Spike-in quality control
This section is available if the Spike-ins option was selected in the Align and Count dialog.
- Number of spike-ins detected: The number of spike-ins detected relative to the spike-ins used.
- R2: Correlation of expected and sequenced spike-ins using the Pearson Correlation coefficient
- When samples have a poor correlation (R2 < 0.8) between known and measured spike-in concentrations, it indicates problems with the spike-in protocol or a more serious problem with the sample.
- Reads mapped to spike-ins: The number of reads that mapped to the detected spike-ins.
- If fewer than 10,000 reads mapped to spike-ins, consider using more spike-in mix in future experiments.
- Lower limit of detection (attomoles/ul): Spike-ins concentration measurement. The lower limit of detection is the lowest concentration spike-in to which at least 3 reads map. This provides a rough estimate of the minimal concentration of mRNA that can be detected in this sample.
Mapping statistics
Metrics for the step of mapping UMI reads to the reference genome.
- UMI reads: The number of UMI reads used as input for the mapping step.
- Paired (yes/no): Indication of whether the input reads are paired reads. This should fit with the applied protocol.
- Reads mapped: The percentage of the UMI reads that were mapped to the reference. This excludes both reads that were ignored due to wrong strand and reads that could not be mapped to the reference.
- Strand-specific setting: Read direction of UMI reads. This should fit the applied protocol.
- Forward % of reads mapped: Percent of UMI reads mapped in the forward direction.
- Reverse % of reads mapped: Percent of UMI reads mapped in the reverse direction.
- Ignored reads % (wrong strand): The percentage of UMI reads that were ignored because the did not map to the strand defined by the strand-specific setting.
- A percentage greater than 20-25% indicates that the wrong strand protocol may have been used in library prep.
Mapped by Type
This section describes the relative mapping of the UMI reads in terms of the type of target.
- Mapped to gene: Percentage of UMI reads that map to genes.

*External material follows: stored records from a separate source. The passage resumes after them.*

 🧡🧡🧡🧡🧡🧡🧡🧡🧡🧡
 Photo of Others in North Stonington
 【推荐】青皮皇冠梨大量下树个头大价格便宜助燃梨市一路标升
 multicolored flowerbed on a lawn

- Mapped to gene, intron: Percentage of UMI reads that mapped partly or entirely within an intron.
- Mapped to gene, exon: Percentage of UMI reads that mapped entirely within an exon or to an exon-exon junction.
- Mapped to intergenic region: Percentage of UMI reads that mapped partly or entirely between genes.
Biotype Distribution
Metrics covering the biotype distribution. The plot and the table show which biotypes are found in the samples and at which relative abundance. The names and classification of the biotypes is based on the Ensembl definitions found here:
http://www.ensembl.org/info/genome/genebuild/biotypes.html.

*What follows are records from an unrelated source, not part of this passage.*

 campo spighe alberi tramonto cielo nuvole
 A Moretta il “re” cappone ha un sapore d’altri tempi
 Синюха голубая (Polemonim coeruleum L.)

Taxonomic profile of unmapped reads
Taxonomic profiling is performed for samples with a high level of unmapped reads as this can indicate sample contamination. If all samples have low levels of unmapped reads, this section will be empty.
Plot and table show the relative abundance at phylum level. Reads that map equally well to two or more phyla are assigned to the common ancestor (kingdom level).
Taxonomic profiling summary
Information about which taxonomic levels were found in the data sample and how many different taxa were found on each level.
- Kingdom
- Phylum
- Total reads: The number of reads used as input for this step, i.e. reads that did not map the reference genome.
- Classified reads: The number of reads that mapped to the taxonomic profiling database.
- Unclassified reads: The number of reads that mapped to neither the reference nor the taxonomic profiling database. These are reads of unknown origin. If this number constitutes a significant portion of the input reads, it may be due to the selection of the wrong reference.